#### Exercise objective:
The reply should hold every record, copied exactly.

(Short web captions)
>>>

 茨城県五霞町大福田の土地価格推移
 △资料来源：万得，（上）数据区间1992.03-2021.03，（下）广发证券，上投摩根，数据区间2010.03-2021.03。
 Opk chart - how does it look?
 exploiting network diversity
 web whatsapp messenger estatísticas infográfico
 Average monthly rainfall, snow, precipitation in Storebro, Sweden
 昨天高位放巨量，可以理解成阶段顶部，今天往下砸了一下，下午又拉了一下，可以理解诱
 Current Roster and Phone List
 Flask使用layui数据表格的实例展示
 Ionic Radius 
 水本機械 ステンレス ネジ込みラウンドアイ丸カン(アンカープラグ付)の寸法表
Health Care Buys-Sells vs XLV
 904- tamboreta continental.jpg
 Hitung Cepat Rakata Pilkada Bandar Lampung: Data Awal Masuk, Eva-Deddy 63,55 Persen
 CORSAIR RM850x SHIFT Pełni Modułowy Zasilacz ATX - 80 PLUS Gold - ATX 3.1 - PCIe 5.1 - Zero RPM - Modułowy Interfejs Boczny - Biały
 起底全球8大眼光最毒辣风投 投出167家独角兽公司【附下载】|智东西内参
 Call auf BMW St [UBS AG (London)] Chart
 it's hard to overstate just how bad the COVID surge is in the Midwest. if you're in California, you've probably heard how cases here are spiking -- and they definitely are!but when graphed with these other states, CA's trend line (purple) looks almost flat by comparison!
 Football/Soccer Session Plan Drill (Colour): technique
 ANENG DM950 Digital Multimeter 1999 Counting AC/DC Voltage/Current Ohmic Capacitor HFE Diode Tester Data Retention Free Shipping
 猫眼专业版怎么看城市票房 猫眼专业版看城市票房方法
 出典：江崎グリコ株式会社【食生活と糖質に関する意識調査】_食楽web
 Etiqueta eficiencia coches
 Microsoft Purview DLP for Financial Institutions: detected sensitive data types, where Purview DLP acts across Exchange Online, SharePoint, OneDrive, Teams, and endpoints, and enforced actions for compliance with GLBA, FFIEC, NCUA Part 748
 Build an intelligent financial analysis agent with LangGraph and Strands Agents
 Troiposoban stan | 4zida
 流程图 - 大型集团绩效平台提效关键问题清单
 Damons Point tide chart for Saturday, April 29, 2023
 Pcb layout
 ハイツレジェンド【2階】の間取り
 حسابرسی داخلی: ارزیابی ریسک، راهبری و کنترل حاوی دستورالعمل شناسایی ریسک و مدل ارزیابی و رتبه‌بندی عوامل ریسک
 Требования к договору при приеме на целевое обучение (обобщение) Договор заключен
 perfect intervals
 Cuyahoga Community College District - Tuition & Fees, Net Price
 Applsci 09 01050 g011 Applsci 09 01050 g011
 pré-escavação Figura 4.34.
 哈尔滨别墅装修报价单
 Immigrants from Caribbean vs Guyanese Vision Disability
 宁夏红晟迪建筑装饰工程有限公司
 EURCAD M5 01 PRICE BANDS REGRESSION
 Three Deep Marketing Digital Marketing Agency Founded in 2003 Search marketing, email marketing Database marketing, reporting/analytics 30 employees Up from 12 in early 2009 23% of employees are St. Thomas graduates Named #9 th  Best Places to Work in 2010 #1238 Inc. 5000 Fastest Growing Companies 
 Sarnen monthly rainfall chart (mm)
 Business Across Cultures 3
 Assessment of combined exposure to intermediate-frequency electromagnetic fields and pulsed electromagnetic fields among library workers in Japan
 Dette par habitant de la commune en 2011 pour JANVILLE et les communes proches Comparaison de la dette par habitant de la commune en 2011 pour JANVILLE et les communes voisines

<<<

#### Result of the exercise:
 茨城県五霞町大福田の土地価格推移
 △资料来源：万得，（上）数据区间1992.03-2021.03，（下）广发证券，上投摩根，数据区间2010.03-2021.03。
 Opk chart - how does it look?
 exploiting network diversity
 web whatsapp messenger estatísticas infográfico
 Average monthly rainfall, snow, precipitation in Storebro, Sweden
 昨天高位放巨量，可以理解成阶段顶部，今天往下砸了一下，下午又拉了一下，可以理解诱
 Current Roster and Phone List
 Flask使用layui数据表格的实例展示
 Ionic Radius 
 水本機械 ステンレス ネジ込みラウンドアイ丸カン(アンカープラグ付)の寸法表
Health Care Buys-Sells vs XLV
 904- tamboreta continental.jpg
 Hitung Cepat Rakata Pilkada Bandar Lampung: Data Awal Masuk, Eva-Deddy 63,55 Persen
 CORSAIR RM850x SHIFT Pełni Modułowy Zasilacz ATX - 80 PLUS Gold - ATX 3.1 - PCIe 5.1 - Zero RPM - Modułowy Interfejs Boczny - Biały
 起底全球8大眼光最毒辣风投 投出167家独角兽公司【附下载】|智东西内参
 Call auf BMW St [UBS AG (London)] Chart
 it's hard to overstate just how bad the COVID surge is in the Midwest. if you're in California, you've probably heard how cases here are spiking -- and they definitely are!but when graphed with these other states, CA's trend line (purple) looks almost flat by comparison!
 Football/Soccer Session Plan Drill (Colour): technique
 ANENG DM950 Digital Multimeter 1999 Counting AC/DC Voltage/Current Ohmic Capacitor HFE Diode Tester Data Retention Free Shipping
 猫眼专业版怎么看城市票房 猫眼专业版看城市票房方法
 出典：江崎グリコ株式会社【食生活と糖質に関する意識調査】_食楽web
 Etiqueta eficiencia coches
 Microsoft Purview DLP for Financial Institutions: detected sensitive data types, where Purview DLP acts across Exchange Online, SharePoint, OneDrive, Teams, and endpoints, and enforced actions for compliance with GLBA, FFIEC, NCUA Part 748
 Build an intelligent financial analysis agent with LangGraph and Strands Agents
 Troiposoban stan | 4zida
 流程图 - 大型集团绩效平台提效关键问题清单
 Damons Point tide chart for Saturday, April 29, 2023
 Pcb layout
 ハイツレジェンド【2階】の間取り
 حسابرسی داخلی: ارزیابی ریسک، راهبری و کنترل حاوی دستورالعمل شناسایی ریسک و مدل ارزیابی و رتبه‌بندی عوامل ریسک
 Требования к договору при приеме на целевое обучение (обобщение) Договор заключен
 perfect intervals
 Cuyahoga Community College District - Tuition & Fees, Net Price
 Applsci 09 01050 g011 Applsci 09 01050 g011
 pré-escavação Figura 4.34.
 哈尔滨别墅装修报价单
 Immigrants from Caribbean vs Guyanese Vision Disability
 宁夏红晟迪建筑装饰工程有限公司
 EURCAD M5 01 PRICE BANDS REGRESSION
 Three Deep Marketing Digital Marketing Agency Founded in 2003 Search marketing, email marketing Database marketing, reporting/analytics 30 employees Up from 12 in early 2009 23% of employees are St. Thomas graduates Named #9 th  Best Places to Work in 2010 #1238 Inc. 5000 Fastest Growing Companies 
 Sarnen monthly rainfall chart (mm)
 Business Across Cultures 3
 Assessment of combined exposure to intermediate-frequency electromagnetic fields and pulsed electromagnetic fields among library workers in Japan
 Dette par habitant de la commune en 2011 pour JANVILLE et les communes proches Comparaison de la dette par habitant de la commune en 2011 pour JANVILLE et les communes voisines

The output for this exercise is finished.